Bagage
Het Hebreeuwse woord keliʹ, dat soms met „bagage” of „legertros” wordt vertaald, heeft een brede toepassing. Mogelijk is de grondbetekenis van het Hebreeuwse woord „iets wat iets kan bevatten (inhouden)”. — Zie WAPENS, WAPENRUSTING.
Manschappen in een legerkamp, reizigers, bezoekers van een ver van huis gehouden vergadering enzovoort, hadden gewoonlijk de noodzakelijke dingen als bagage bij zich (1Sa 10:21, 22; 17:22; 25:9-13). David stelde in Israël het voorschrift vast dat de mannen die tijdens militaire veldtochten achterbleven om de legertros te bewaken, hetzelfde deel van de overwinningsbuit zouden ontvangen als degenen die aan de strijd deelnamen. — 1Sa 30:21-25.

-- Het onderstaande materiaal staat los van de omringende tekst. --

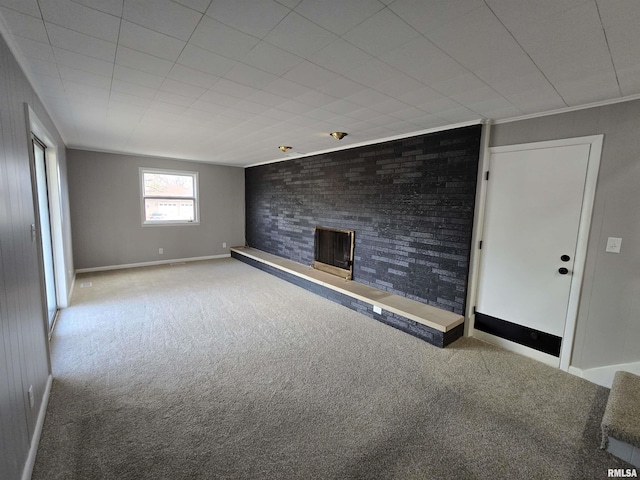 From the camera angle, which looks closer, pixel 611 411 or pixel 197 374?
pixel 611 411

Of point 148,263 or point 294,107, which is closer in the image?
point 294,107

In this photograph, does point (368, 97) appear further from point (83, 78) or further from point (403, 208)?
point (83, 78)

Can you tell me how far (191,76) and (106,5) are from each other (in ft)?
2.37

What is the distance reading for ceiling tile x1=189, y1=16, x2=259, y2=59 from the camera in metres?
1.40

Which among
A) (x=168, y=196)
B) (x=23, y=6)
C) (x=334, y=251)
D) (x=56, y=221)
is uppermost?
(x=23, y=6)

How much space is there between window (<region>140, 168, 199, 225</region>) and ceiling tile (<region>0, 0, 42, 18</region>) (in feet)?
15.7

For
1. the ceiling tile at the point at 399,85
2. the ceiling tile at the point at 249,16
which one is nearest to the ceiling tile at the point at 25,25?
the ceiling tile at the point at 249,16

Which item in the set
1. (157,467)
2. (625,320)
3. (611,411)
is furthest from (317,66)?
(625,320)

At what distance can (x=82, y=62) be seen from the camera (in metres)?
1.81

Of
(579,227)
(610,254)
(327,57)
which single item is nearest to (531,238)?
(579,227)

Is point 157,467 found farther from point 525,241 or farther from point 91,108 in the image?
point 525,241

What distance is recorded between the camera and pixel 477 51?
155cm

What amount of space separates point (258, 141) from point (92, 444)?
11.7ft

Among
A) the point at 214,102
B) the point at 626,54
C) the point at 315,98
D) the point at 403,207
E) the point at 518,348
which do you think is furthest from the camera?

Egypte werd geboden zich „bagage voor de ballingschap” te maken om toegerust te zijn voor de ballingschap, aangezien het stellig door Babylon onderworpen zou worden, zoals bij monde van de profeet Jeremia was voorzegd (Jer 46:13, 19). Als onderdeel van een symbolische opvoering in verband met de toekomstige verbanning van Jeruzalem naar Babylon, bracht Ezechiël op klaarlichte dag „bagage voor een ballingschap” uit zijn huis naar buiten. — Ez 12:1-4, 7-11.